Barnett will present this free lecture in person at the UF Whitney Laboratory Lohman Auditorium, 9505 Ocean Shore Boulevard, in St. Augustine. Those interested also have the option of registering to watch via Zoom live the night of the lecture.
Register to watch online: https://ufl.zoom.us/webinar/register/WN_sdY555H-Sv2Cv4LjDQTJNg
About the talk: The human fascination with seashells is primal. Archeological evidence suggests that Neanderthals collected cockle shells on the coast of what is modern Spain, perhaps giving preference to those they found beautiful. Native Floridians built “great cities of shell” along the coasts, later carted off for road fill. In the 1950s, the nation burned with shell-collecting fever only a Florida vacation could cure. In a special program for the Whitney Lab, award-winning environmental author and UF professor Cynthia Barnett will introduce the long, rich and surprisingly profound relationship between humans and seashells. Traveling from Florida to the Bahamas to the Maldives, West Africa, and beyond, Barnett explores the ancient history of shells as global currency, their use as religious and luxury objects, and the remarkable marine mollusks that make them. For eons, shells and their makers have reflected humanity’s shifting attitudes toward and precarious place in the natural world. While shells reveal how humans have altered the climate and the sea—down to its very chemistry—they are also sentinels of hope for alternative energy and other solutions that lie beneath the waves. With her engaging account of an aspect of nature and culture long hidden in plain sight, Barnett illuminates the beauty and wonder of seashells as well as the human ingenuity and scientific solutions they represent for our warming world.
Followed by a book sale and signing. Proceeds from the sale of books and seashell cards will benefit the Whitney Laboratory K-12 Education Endowment Fund.

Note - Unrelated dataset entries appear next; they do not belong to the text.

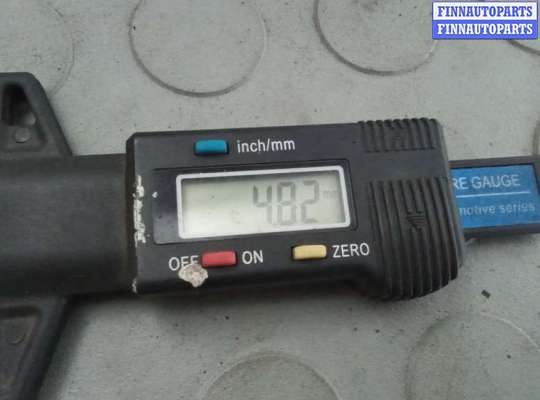 купить шина на INFINITI Q50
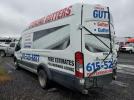 Ford Transit T-350 Hd Image 4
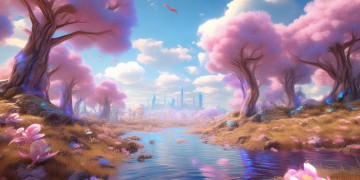 完美世界手游真的很花钱吗？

About the author: Cynthia Barnett is an award-winning environmental journalist who has reported on water and climate worldwide. Her writing has appeared in National Geographic, the Atlantic, the New York Times, the Los Angeles Times, the Wall Street Journal and many other publications. She is the author of four books including Rain: A Natural and Cultural History, which was longlisted for the National Book Award. The Sound of the Sea, her newest book, was recently named one of the best science books of 2021 by NPR’s Science Friday, and one of the best nonfiction books of the year by Kirkus Reviews, Bloomberg News, Library Journal and The Tampa Bay Times. Ms. Barnett also serves as Environmental Journalist in Residence at the University of Florida’s College of Journalism and Communications.